- The task -
The records must be duplicated exactly, with every picture left out.

◆ ◆ ◆

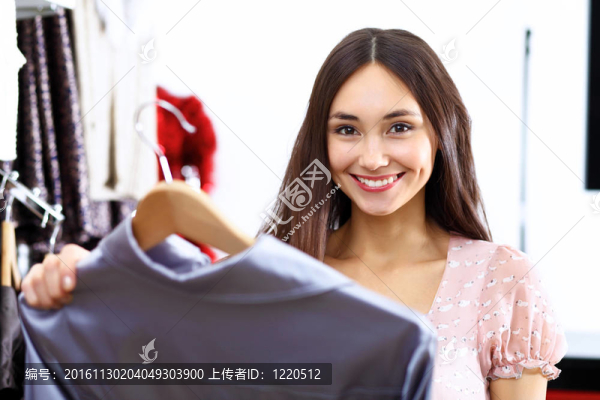 年輕女人在商店里買衣服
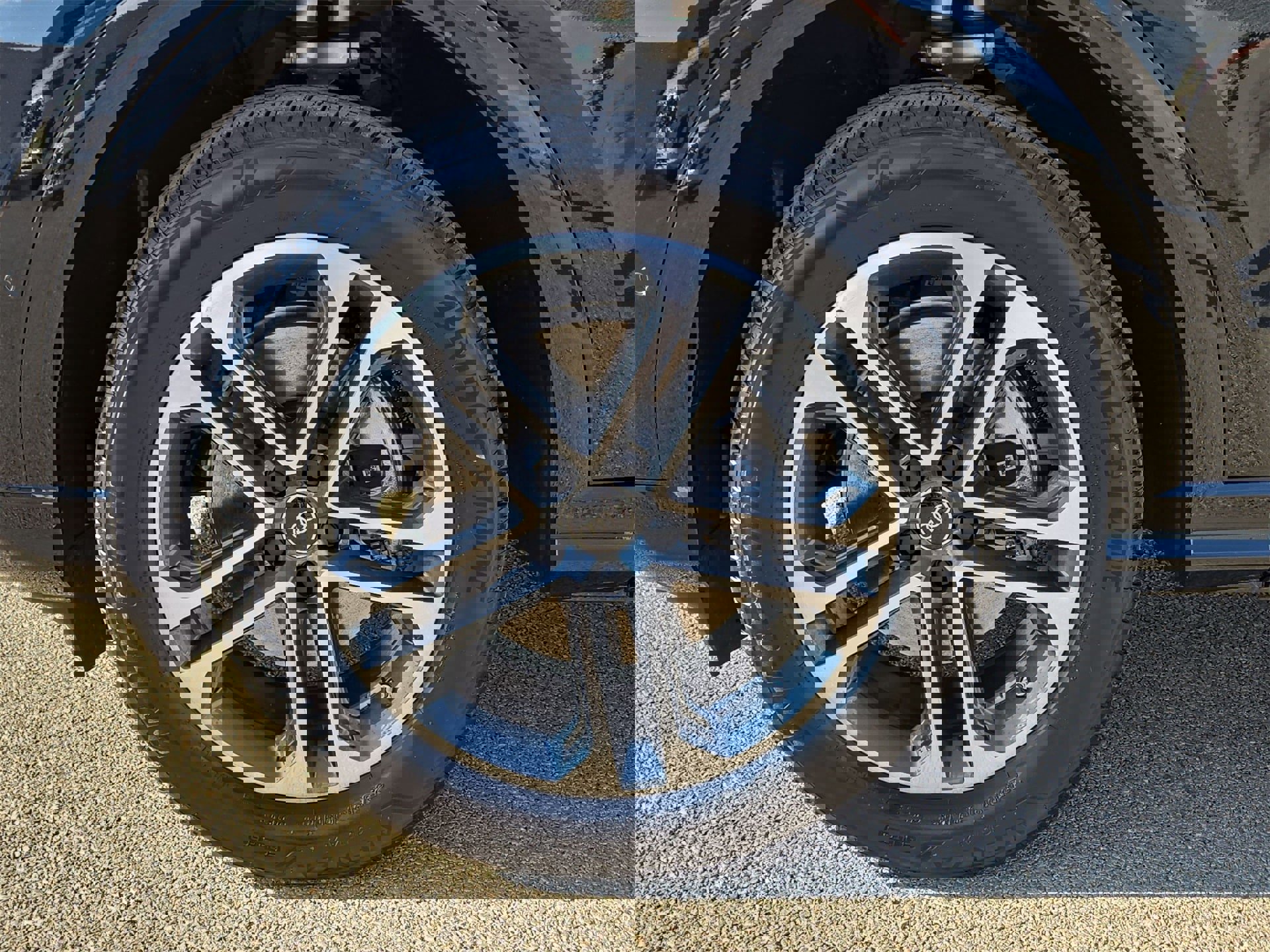 New 2025 Audi Q5 Premium image 11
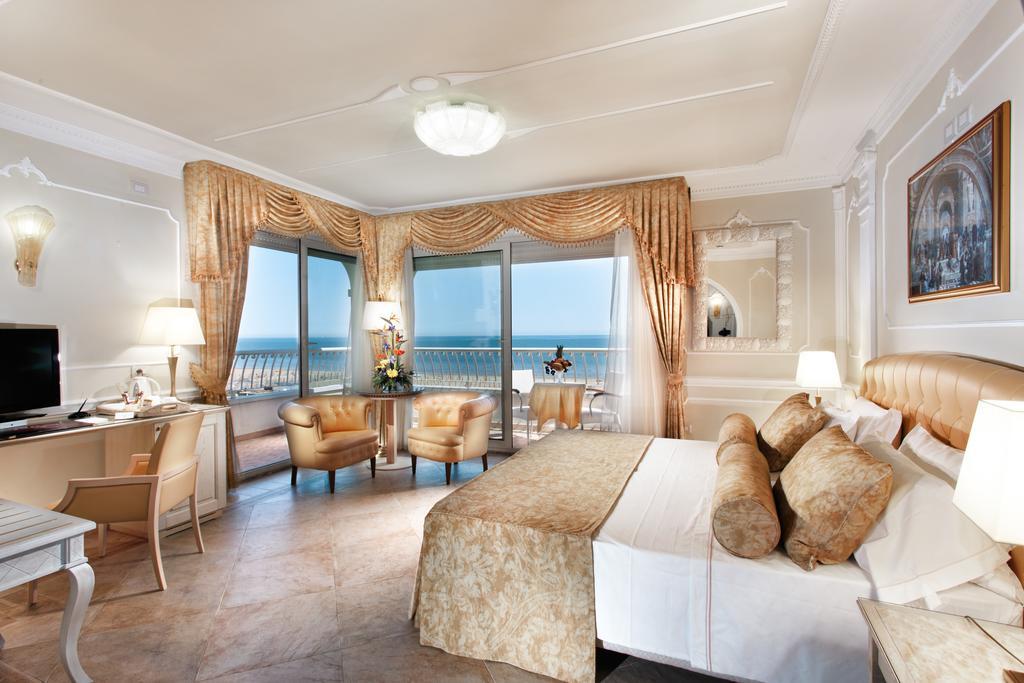 Hotel Gambrinus Червія Екстер'єр фото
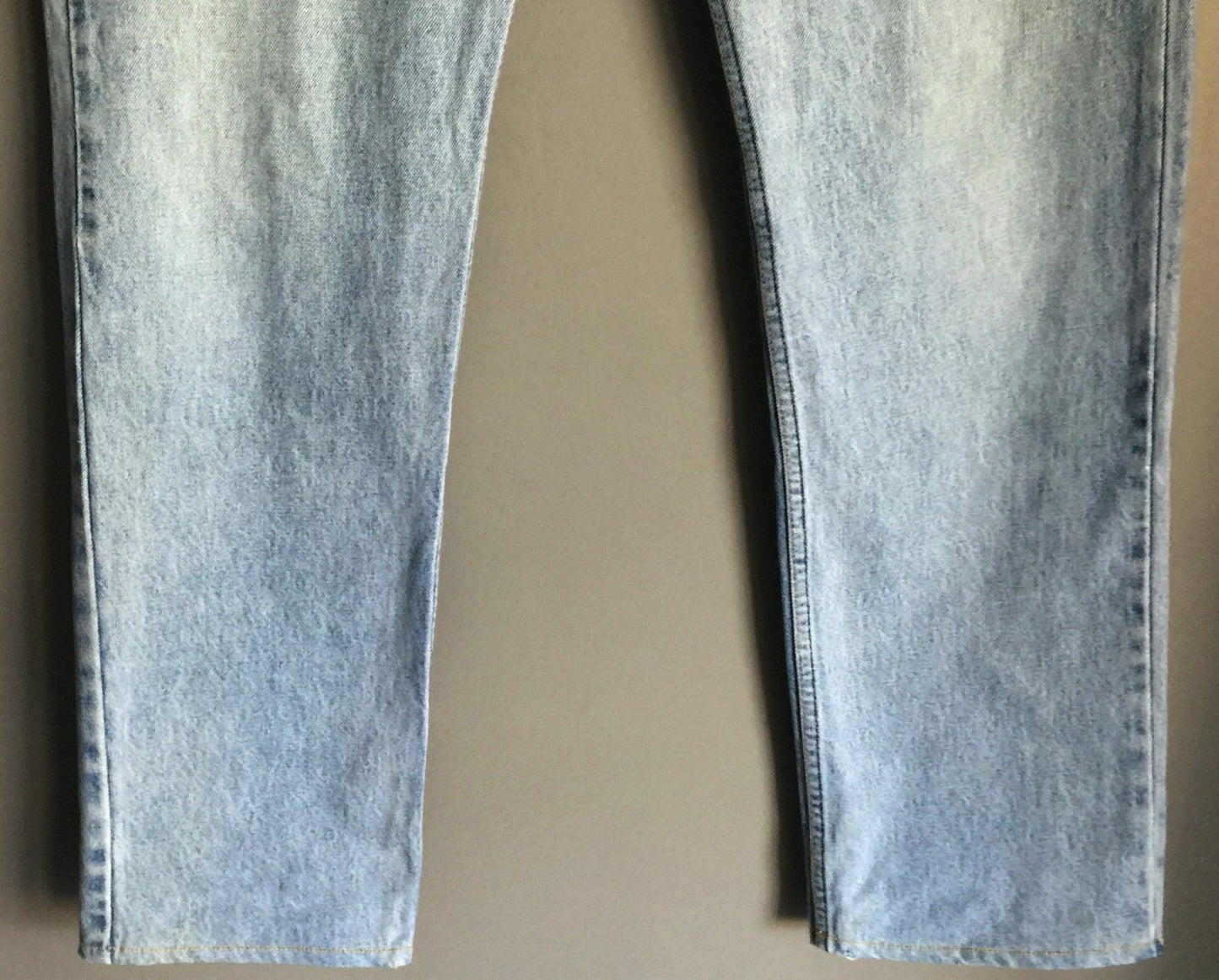 Mens Vintage ARMANI JEANS "True Blue" Faded Denim  Size 34 Lived In
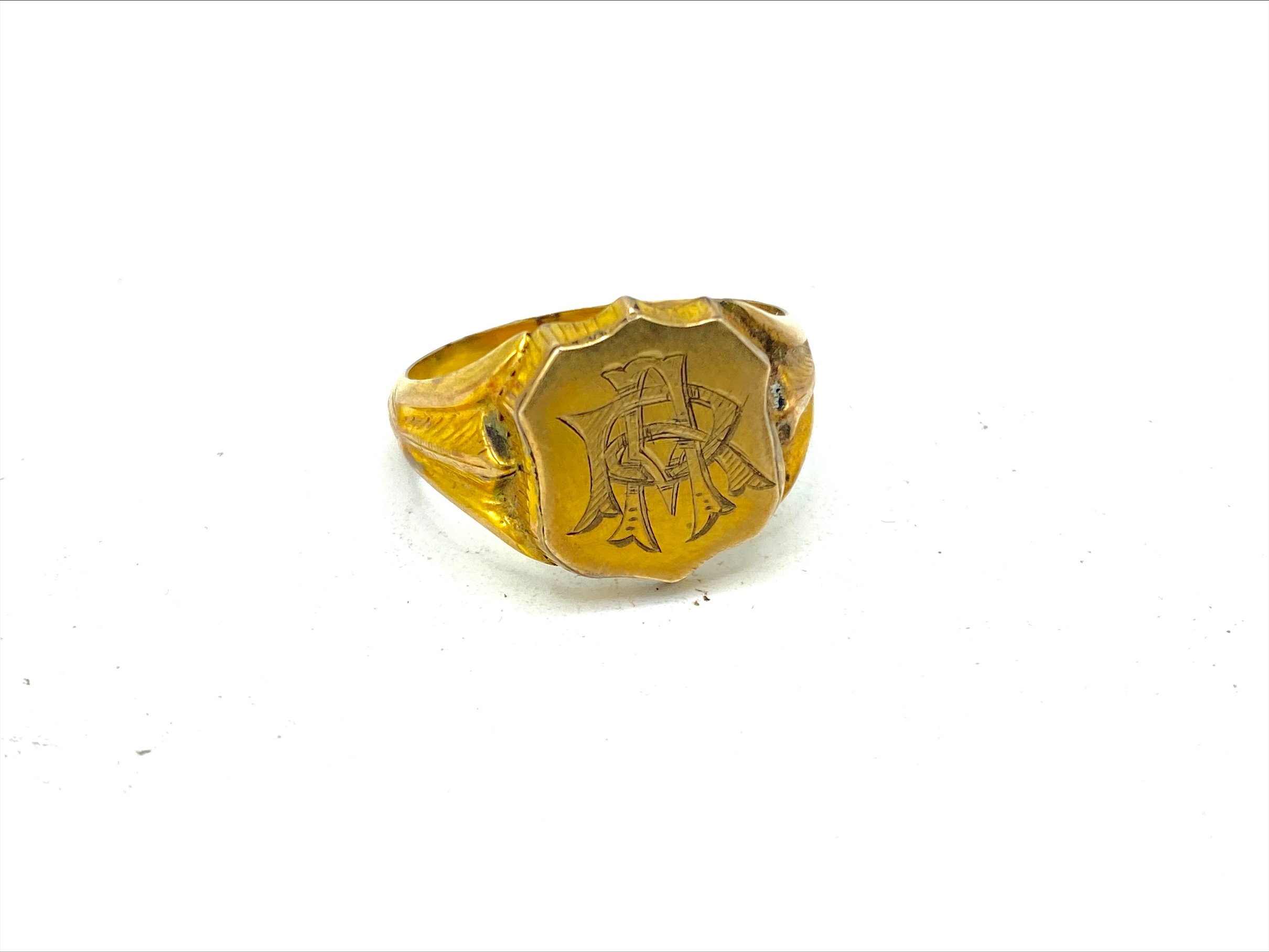 Victorian 9ct gold signet ring - Image 3 of 6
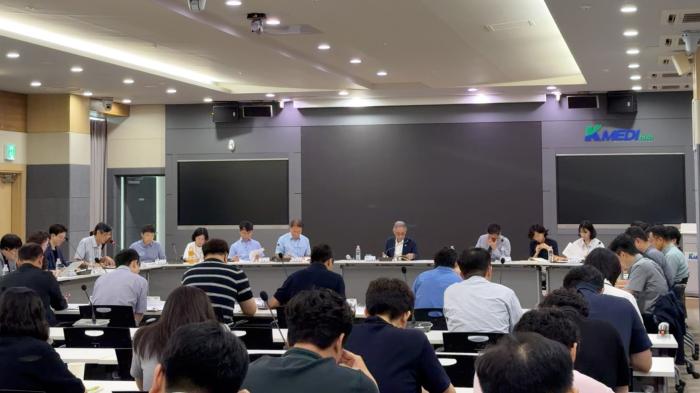 케이메디허브, 반기 성과·전략점검회의 개최…기업지원 결실·AI 전환 박차
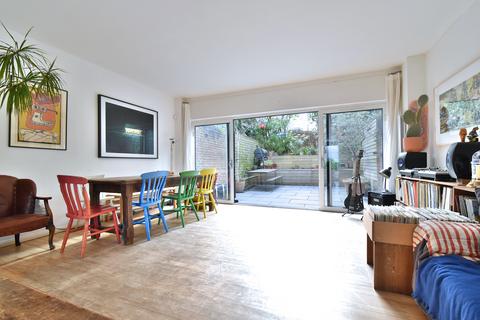 7 Grassmount, London, SE23 3UW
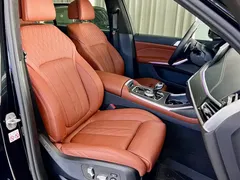 2022 BMW X7 xDrive40i M, чёрный — фото 8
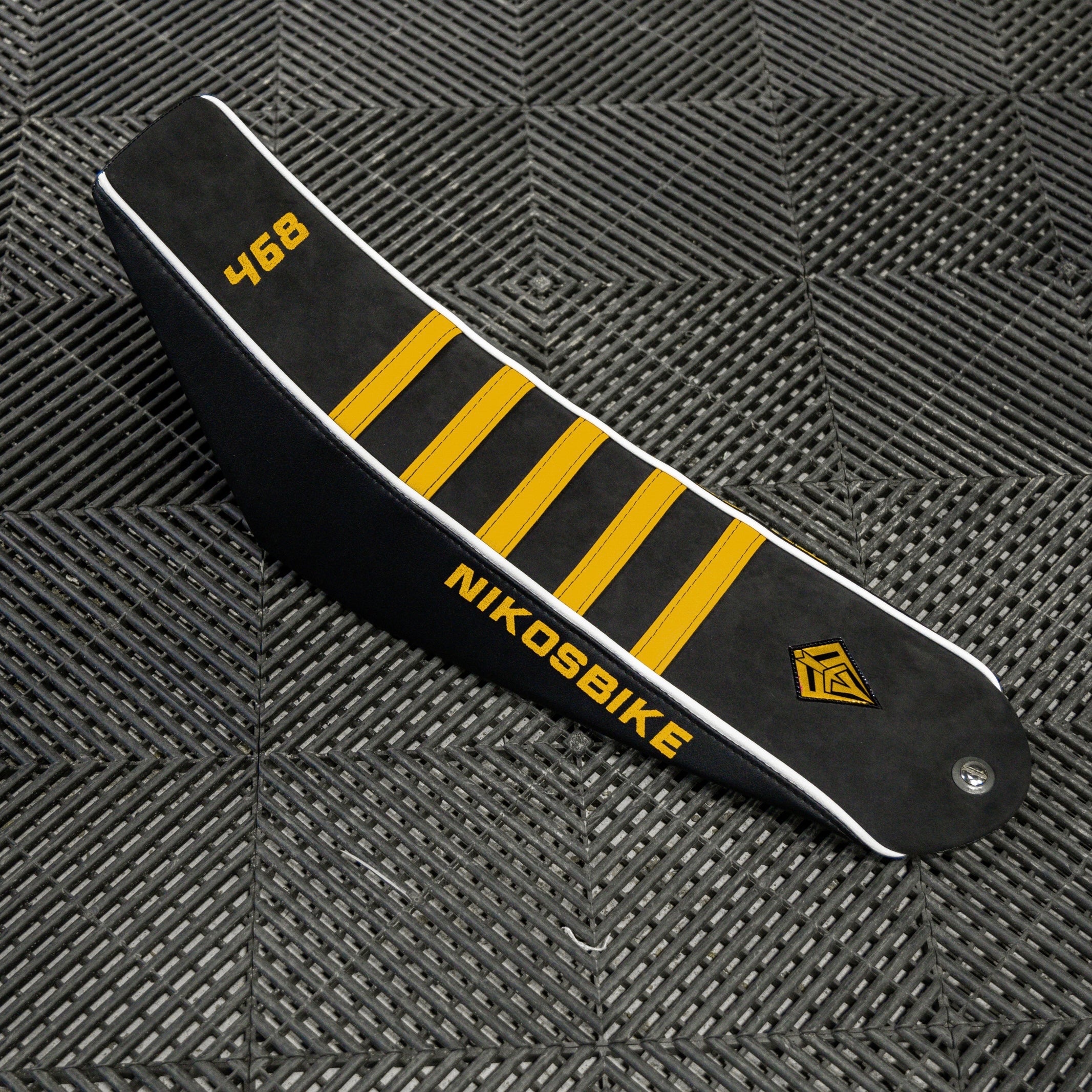 Housse de selle jaune moto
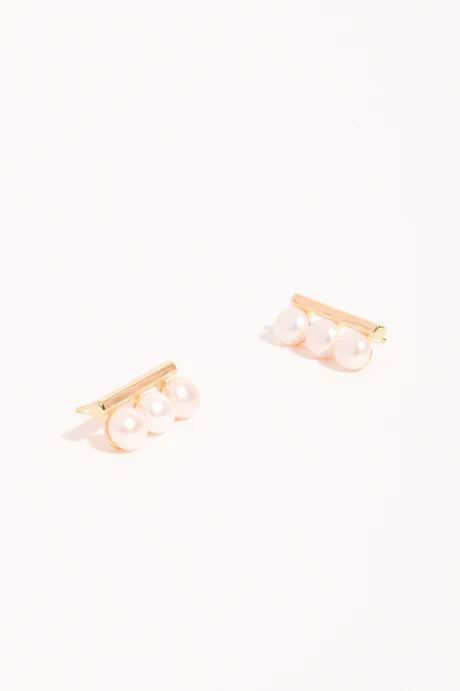 Pearl Panel Stud Earrings (Gold)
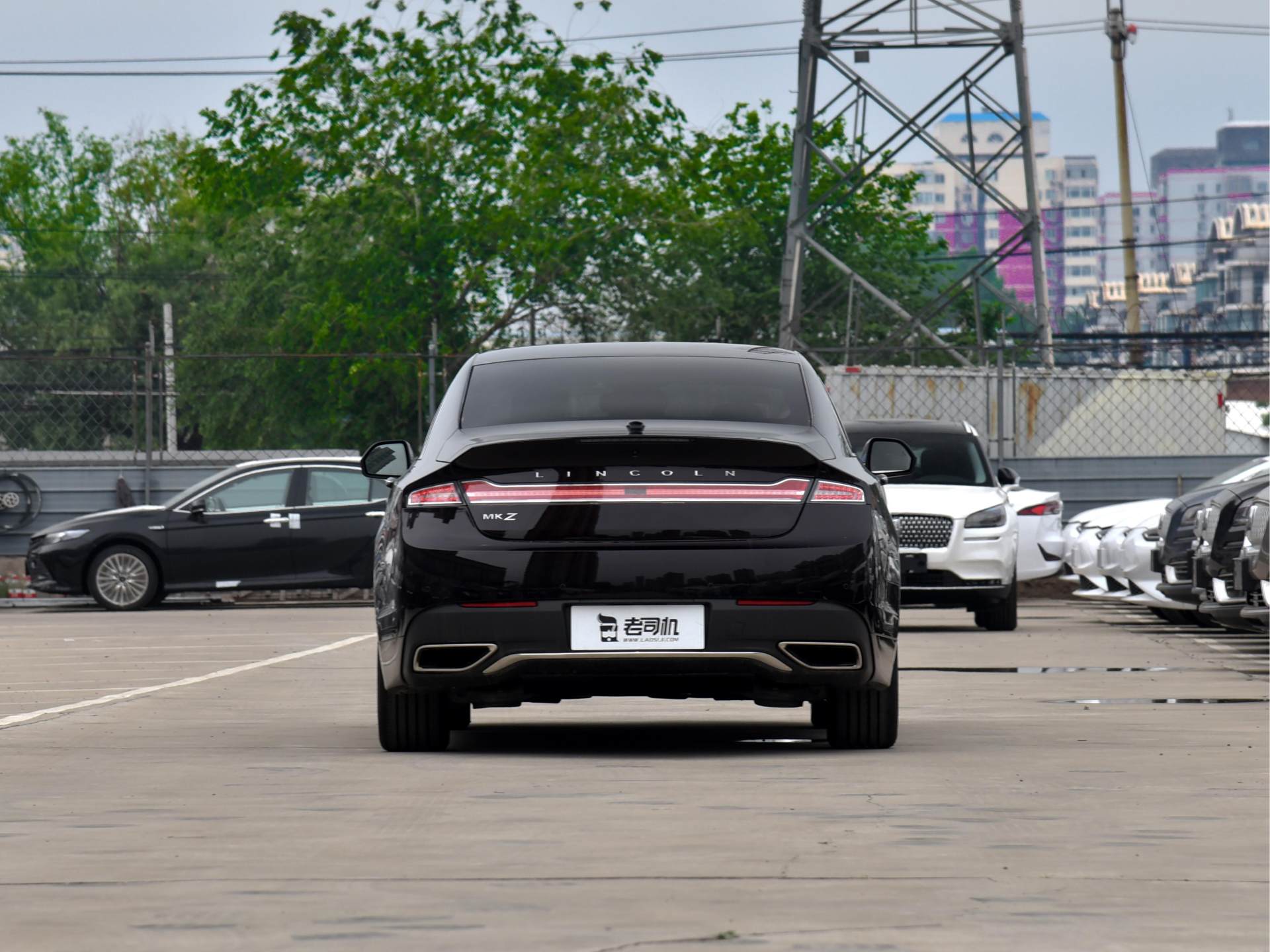 进口的中型车,优惠非常大,还豪华有个性,带你看林肯mkz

◆ ◆ ◆

- Task solution -
 年輕女人在商店里買衣服
 New 2025 Audi Q5 Premium image 11
 Hotel Gambrinus Червія Екстер'єр фото
 Mens Vintage ARMANI JEANS "True Blue" Faded Denim  Size 34 Lived In
 Victorian 9ct gold signet ring - Image 3 of 6
 케이메디허브, 반기 성과·전략점검회의 개최…기업지원 결실·AI 전환 박차
 7 Grassmount, London, SE23 3UW
 2022 BMW X7 xDrive40i M, чёрный — фото 8
 Housse de selle jaune moto
 Pearl Panel Stud Earrings (Gold)
 进口的中型车,优惠非常大,还豪华有个性,带你看林肯mkz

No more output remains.